Sorvolo, 103

“Questo, a mio modo di vedere, in realtà rappresentava il grande legame della Comunità dei Servizi Segreti e dell’industria tecnologica: entrambe sono poteri radicati e non eletti che sono orgogliosi di mantenere una segretezza assoluta sui loro sviluppi. Entrambe credono di avere le soluzioni per tutto, che non esitano mai ad imporre unilateralmente.
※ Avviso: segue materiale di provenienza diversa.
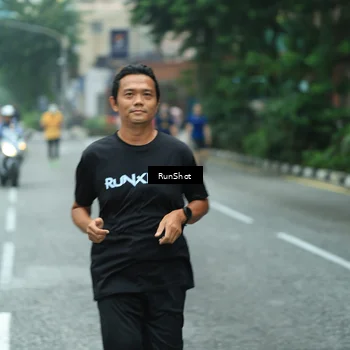 Runner Photo 8629743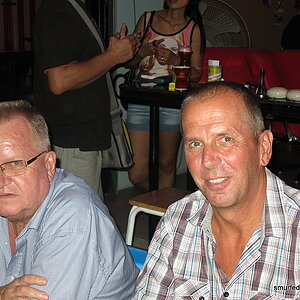 2014-10-3!  Smurf Bar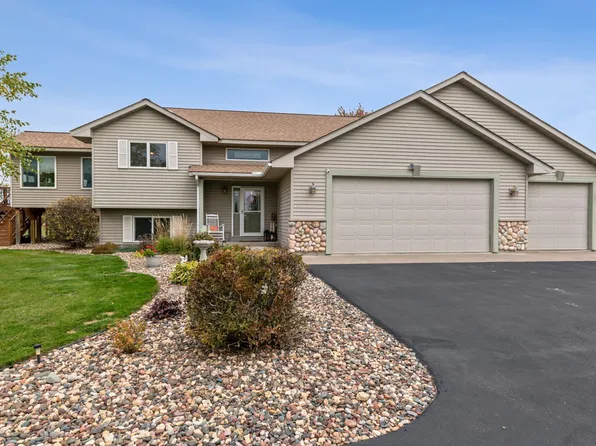 1498 92nd St, New Richmond, WI 54017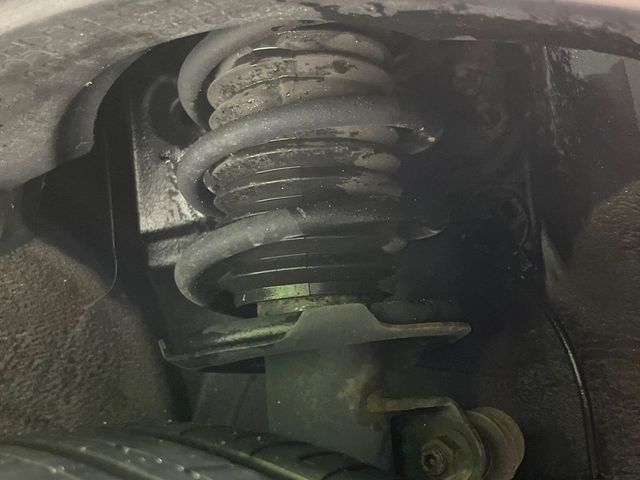 お車を安心してお乗りいただく為には、足回りの定期点検が欠かせません。サービスサポート（有償保証）では無料点検もご提供しており、安心のカーライフをお過ごしいただけるサポート体制が整っています。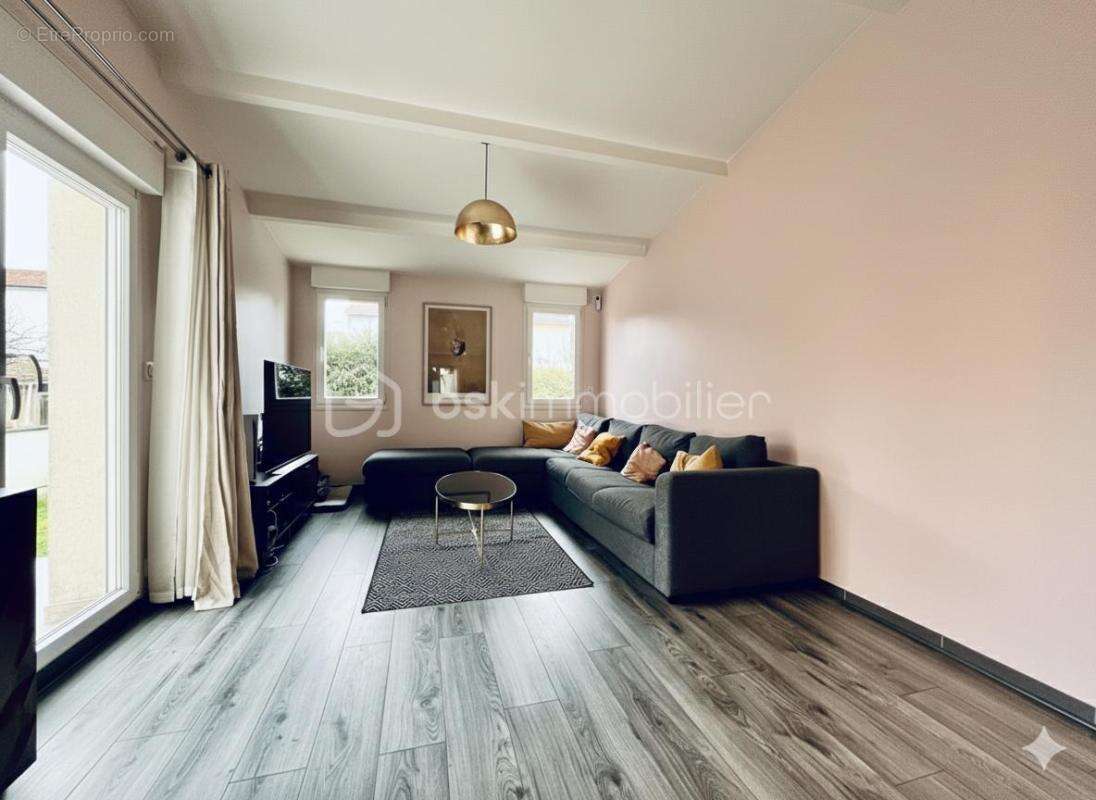 Maison à CHENNEVIERES-SUR-MARNE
Il coinvolgimento diretto, che può essere duro ed emozionalmente sfibrante, semplicemente non si verifica gran che nel lato tecnico dello spionaggio, e praticamente mai nell’informatica. C’è una spersonalizzazione dell’esperienza, favorita dalla distanza di uno schermo. Sbirciare la vita attraverso una finestra alla fine può astrarci dalle nostre azioni, e limitare qualunque confronto significativo con le loro conseguenze.

I tecnici hanno raramente, se mai lo hanno, un senso delle applicazioni più generalizzate e delle implicazioni politiche dei progetti ai quali vengono assegnati.

Mi venne rammentata quella che forse è la regola più fondamentale del progresso tecnologico: se qualcosa si può fare, probabilmente verrà fatta, e magari è già stata fatta.

Il terrorismo, naturalmente, era la ragione dichiarata per la quale la maggior parte dei programmi di sorveglianza del mio paese fu applicata, in un periodo di grande paura ed opportunismo. Ma il vero terrorismo si rivelò essere la paura perpetrata da un sistema politico che era sempre più disposto ad usare praticamente qualsiasi giustificazione per autorizzare l’uso della forza.

Questi programmi non erano mai per il terrorismo: sono per lo spionaggio economico, per il controllo sociale, e per la manipolazione diplomatica. Sono per il potere.